TASK STATEMENT: Leave the pictures out. Return the rest of the listing below exactly.

SOURCE DATA:
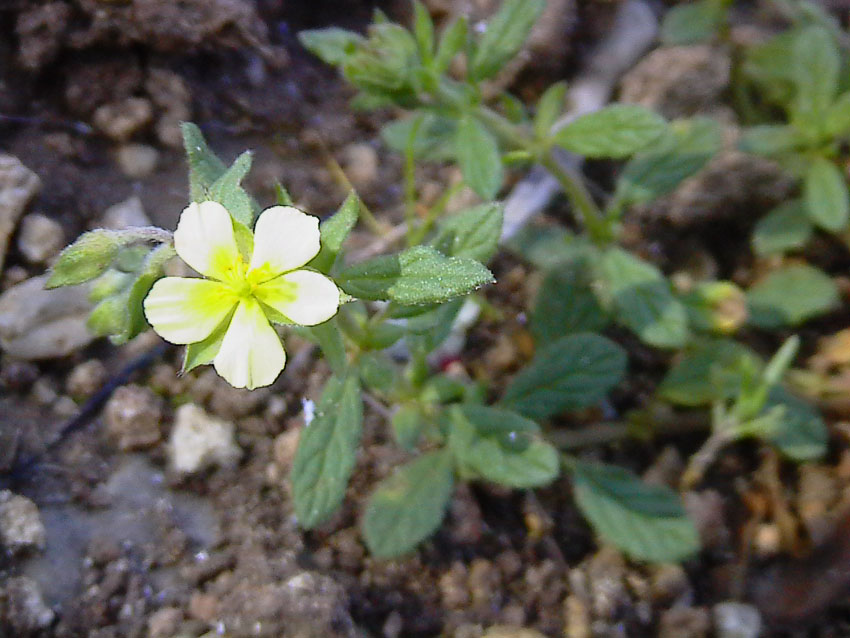 Helianthemum nummularium (L.) Miller cfr. tomentosum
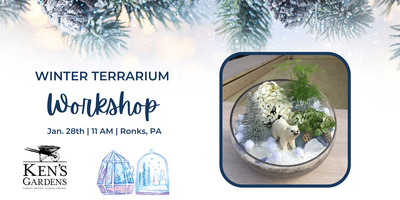 Light Up Living Moss Enclosed Terrarium Workshop (Intercourse, PA) Tickets,  Sat, Feb 17, 2024 at 11:00 AM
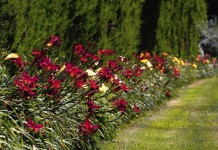 Однорядный цветник-бордюр из лилейников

FINISHED TASK:
 Helianthemum nummularium (L.) Miller cfr. tomentosum
 Light Up Living Moss Enclosed Terrarium Workshop (Intercourse, PA) Tickets,  Sat, Feb 17, 2024 at 11:00 AM
 Однорядный цветник-бордюр из лилейников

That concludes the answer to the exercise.